SKC Workshop Autumn 2024
Hannah Lang
(Aarhus Universitet, Denmark)
"Birth & Beginning in Søren Kierkegaard’s Fear and Trembling"
In this workshop, I present some thoughts from my ongoing PhD Project investigating birth as a topic of existential philosophy with Søren Kierkegaard. Although mentioning Kierkegaard and birth in the same sentence is untraditional, I explore how Kierkegaard can help us understand or articulate the existential significance of birth. More specifically, I will focus on how Kierkegaard’s Fear and Trembling (1843) concerns the problem of beginning and how it relates to the beginning of life in this pseudonymous work.
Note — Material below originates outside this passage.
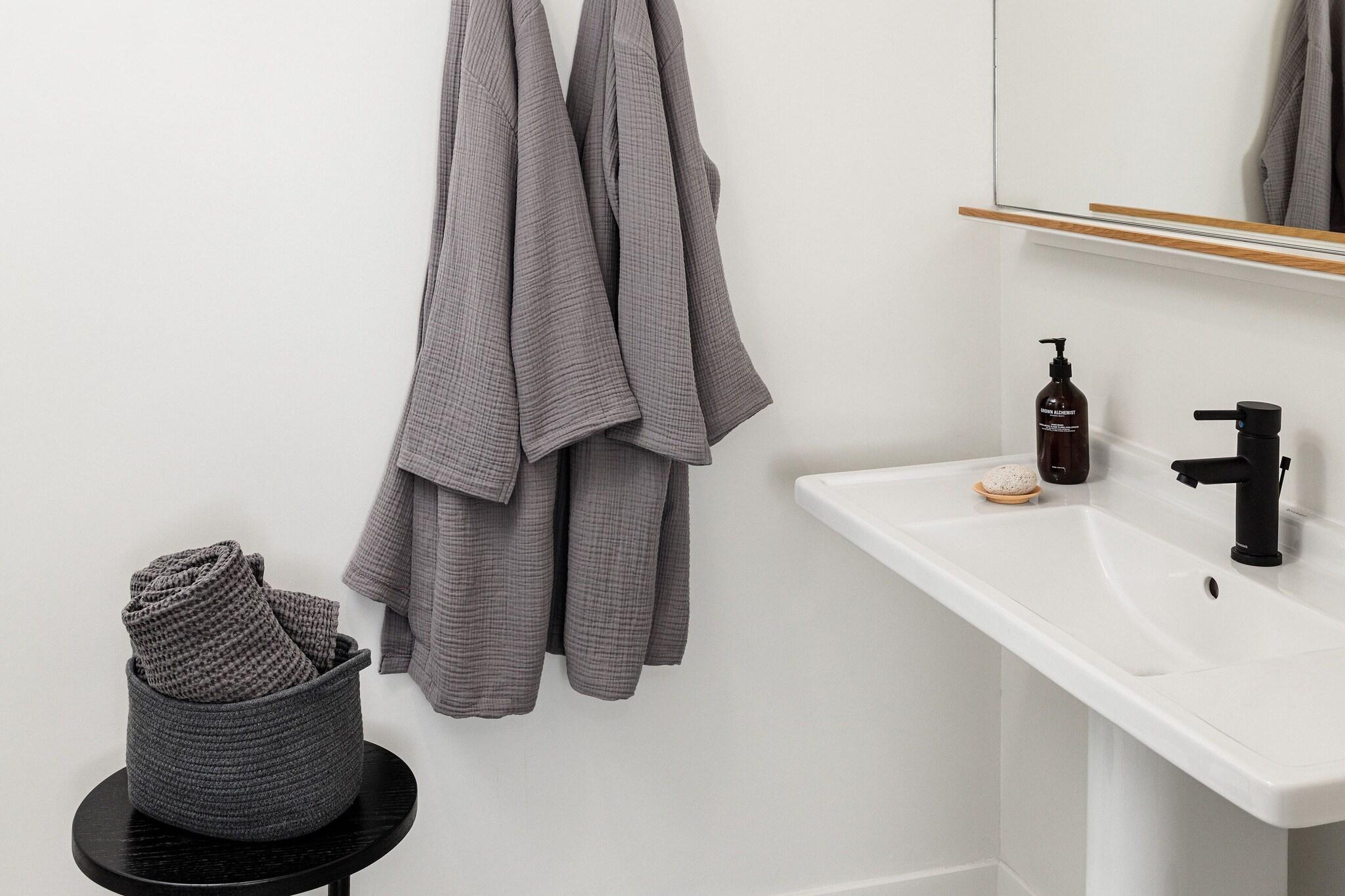 Double City View Queen Bed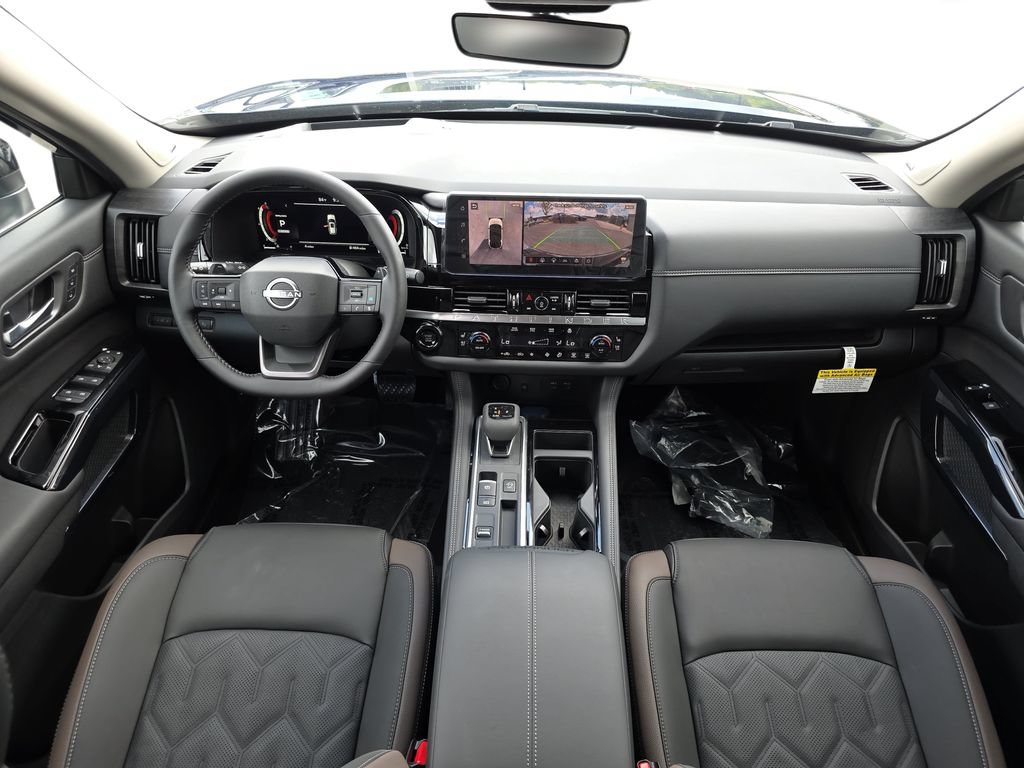 New 2026 Nissan Pathfinder Platinum FWD image 13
In the chapter “Attunement” (Stemning), we are presented with four different versions of the biblical story of how Abraham was to sacrifice his son Isaac on Mount Moriah and how he gets Isaac back from God “by virtue of the absurd”. What looks like the end turns out to be a new beginning. Following the descriptions of Abraham and Isaac are four descriptions of a mother weaning her child and their occurrence has been largely overlooked within Kierkegaard research as well as a source of great confusion. What does sacrificing your child have to do with creating new life? What do death and endings have to do with birth and beginnings? These are the questions I wish to engage with in the seminar and I will suggest that Kierkegaard can show us a relation between letting go and giving birth.